R2(X) = R1(X) - R1(180 - X).
Negative values of (180 - X) should map to (540 - X), so R1(180 - 182) == R1(358).

In practice, it means the "R2" column should be in the form (using row numbers):

R1[0] - R1[90]
R1[1] - R1[89]
R1[2] - R1[88]
...
R[90] - R[180]
R[91] - R[179]
R[92] - R[178]
...
R[180] - R[90]

My first guess was to to loop over rows' numbers with condition on which rows to take into account. After reading this question and also that one I realized this is not a preferred solution. df.apply() and df.shift() also doesn't seem to be a choice. Since none of the suggestions mentioned in the posts above seem to be straightforward in my case, I'd like to ask: is it possible to avoid "for" loop and what would be the best solution for this particular problem? Is it possible to select values from "R1" column based on the corresponding value from "X" column?

kuba_pol
  • 13
  • 5

2 Answers2

0

You can separate the column from the middle point; for each half, substract the reversed of it from itself, and at the end concatenate:

middle = int(np.ceil(len(df) / 2))

first_half  = df["R1"].iloc[:middle].to_numpy()
second_half = df["R1"].iloc[middle-1:].to_numpy()

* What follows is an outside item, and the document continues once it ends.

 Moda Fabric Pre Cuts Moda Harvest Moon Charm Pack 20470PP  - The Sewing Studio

df["R2"] = np.concatenate([first_half - first_half[::-1],
                           (second_half - second_half[::-1])[1:]])

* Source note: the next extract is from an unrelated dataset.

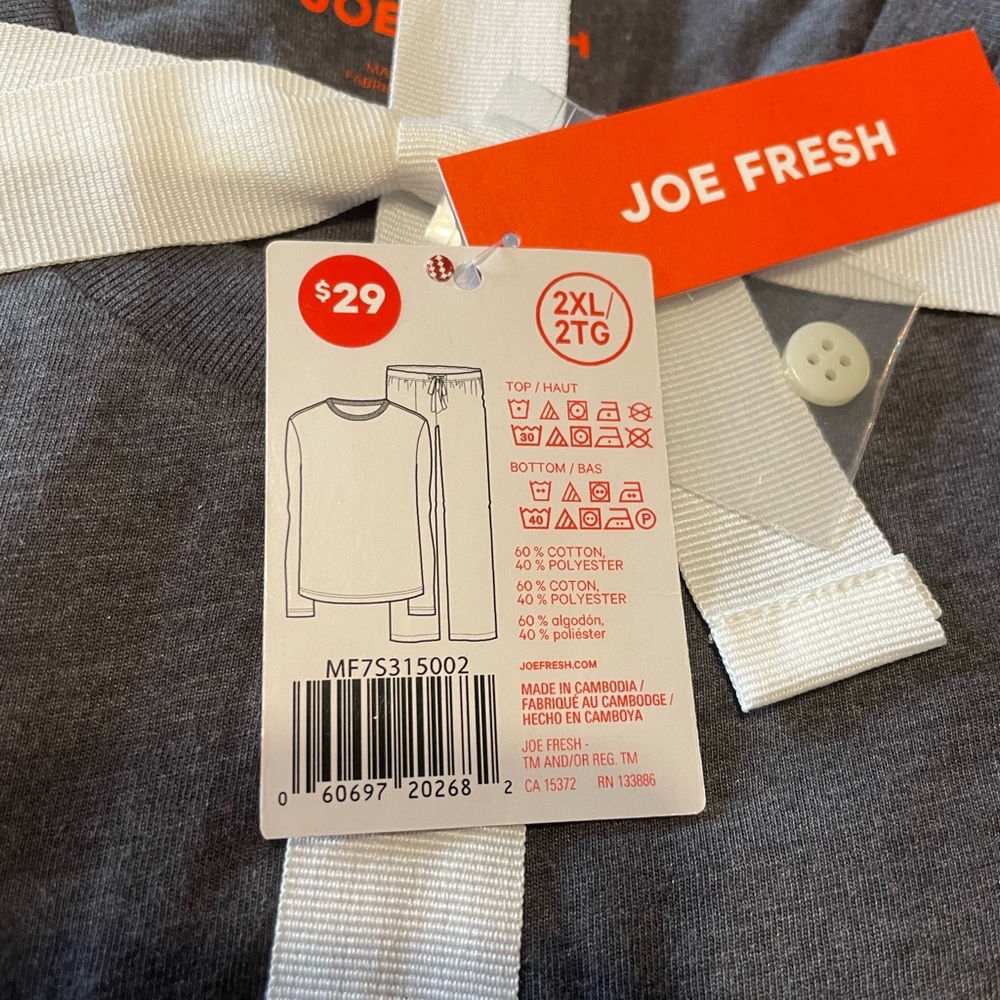Mens joe fresh 2pc pj set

Reason for using NumPy is because in pandas, arithmetic operations look at index, so subtracting the "reversed" Series from itself would be 0 due to index alignment (you can try df["R1"].iloc[:middle] - df["R1"].iloc[:middle][::-1] and see all zeros).

Mustafa Aydın
  • 17,645
  • 4
  • 15
  • 38
  • Thank you, it did the job. The only problem I noticed was with `first_half = df["R1"].iloc[:middle].to_numpy()`, which later gives `R1[0] - R1[90]` instead of `R1[0] - R1[91]`. I used `first_half = df["R1"].iloc[:middle + 1].to_numpy()`. It doubles a cell in `first_half` and `second_half` which needs to be skipped while concatenating. – kuba_pol Jan 24 '23 at 10:33
  • thanks for the correction. then it should be `middle+1:` in the `second_half`'s computation, right? – Mustafa Aydın Jan 24 '23 at 10:45
  • 1
    Sorry, I messed up with indices because I remove one row from my original data before performing subtraction. `first_half = df["R1"].iloc[:middle]` is correct, one needs to take `second_half = df["R1"].iloc[middle - 1:]`. After resetting the indices (so they go from 0 to 180), the row with index `[90]` should be included in _both_ halfs to get correct subtraction. It generates additional row with `R1[90] - R1[0]` which is (for this particular case) the same as `R1[90] - R1[180]`. When concatenating, you can skip the last element of `first_half` or the first element of `second_half'. – kuba_pol Jan 24 '23 at 15:10
-1
import pandas as pd

# create example dataframe
df = pd.DataFrame({'A': [1, 2, 3, 4, 5],'B' : [2, 5, 8, 9, 7]})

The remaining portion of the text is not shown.